[Opening Stored data section]
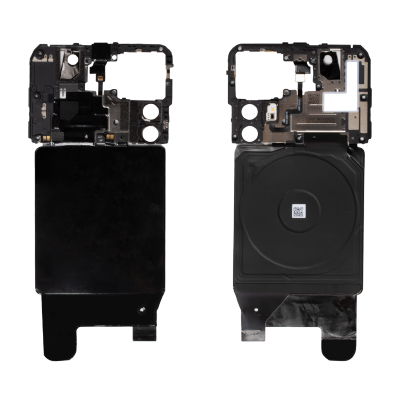 فلت شارژ وایرلس گوشی شیائومی 12 برد شارژ وایرلس گوشی شیائومی Xiaomi 12 5G-small-image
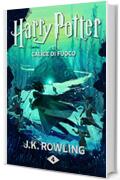 Harry Potter e il Calice di Fuoco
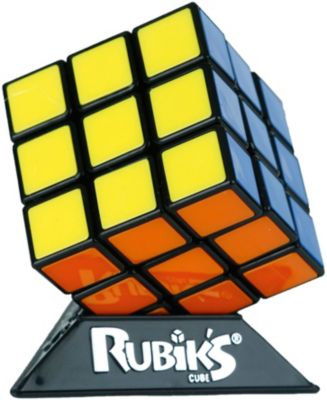 Головоломка Rubik's "Кубик Рубика" 3х3, без наклеек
[Closing Stored data section]
Apart from the pictures, the material above has to be repeated exactly.

_Exercise response:_
 فلت شارژ وایرلس گوشی شیائومی 12 برد شارژ وایرلس گوشی شیائومی Xiaomi 12 5G-small-image
 Harry Potter e il Calice di Fuoco
 Головоломка Rubik's "Кубик Рубика" 3х3, без наклеек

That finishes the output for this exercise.